— Prompt —
Any image found in the entries is to be skipped; the rest is returned word for word.

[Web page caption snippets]
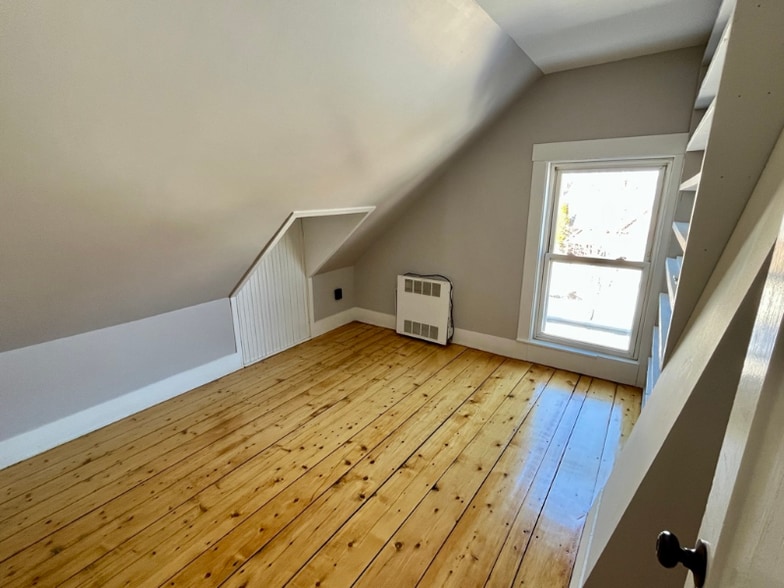 Building Photo - 50 N Main St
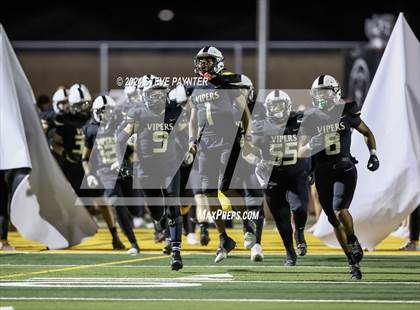 Thumbnail 2 in Desert Edge vs Verrado (AIA 5A Semifinal) photogallery.
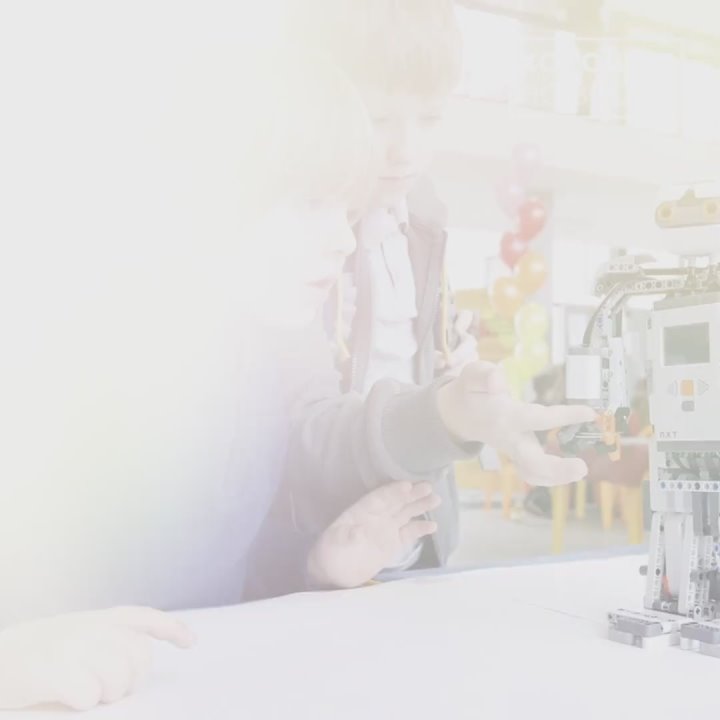 Более 19 млн школьников по всей России посещают занятия в бесплатных кружках и секциях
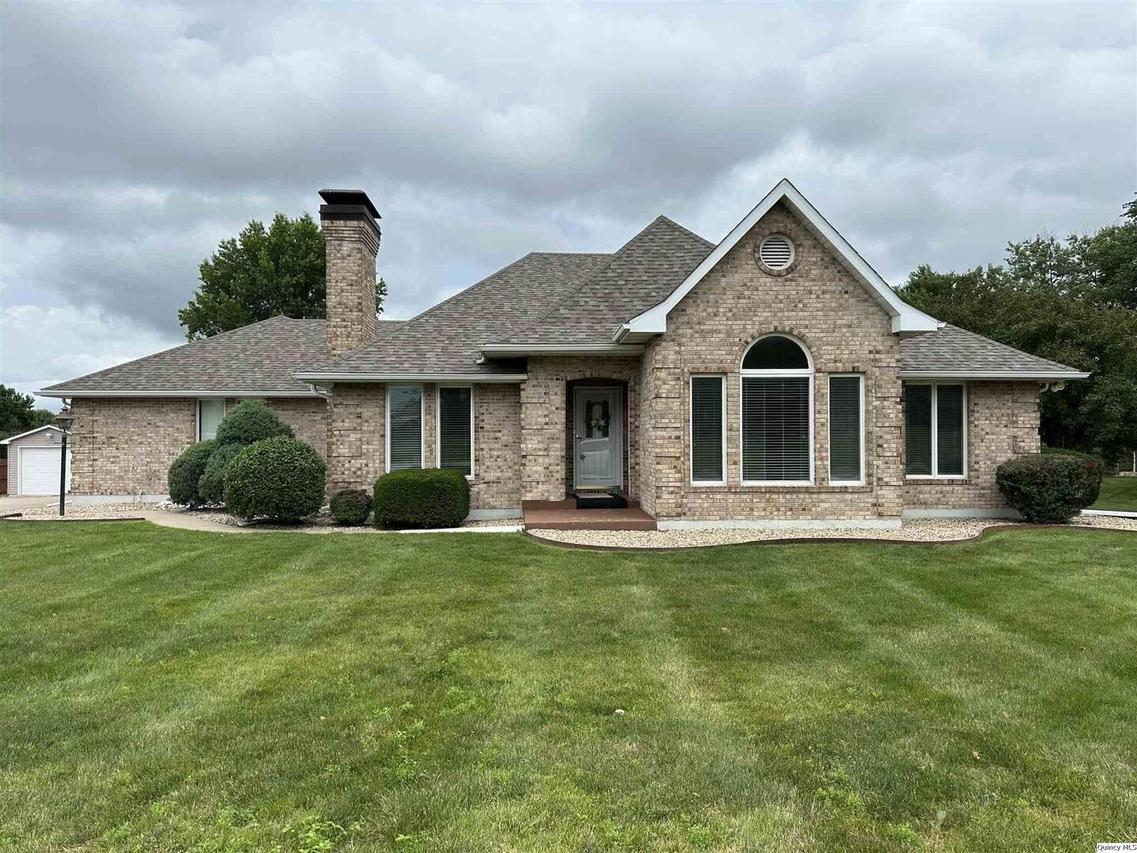 1501 Gayla Dr., Quincy, IL 62305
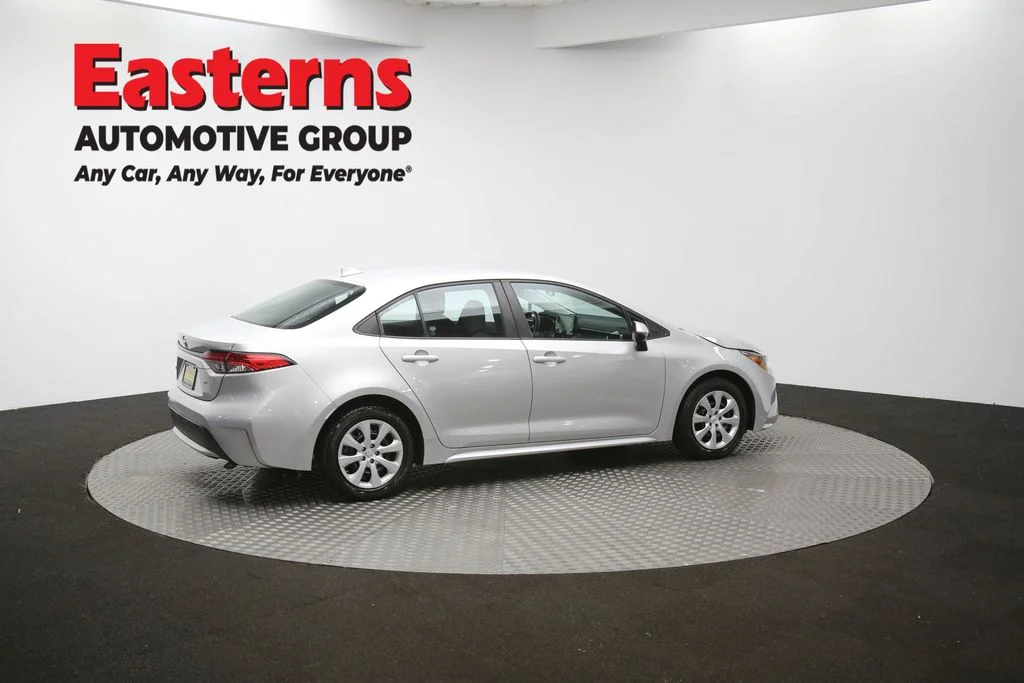 Used 2022 Silver Toyota LE image 39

— Worked solution —
 Building Photo - 50 N Main St
 Thumbnail 2 in Desert Edge vs Verrado (AIA 5A Semifinal) photogallery.
 Более 19 млн школьников по всей России посещают занятия в бесплатных кружках и секциях
 1501 Gayla Dr., Quincy, IL 62305
 Used 2022 Silver Toyota LE image 39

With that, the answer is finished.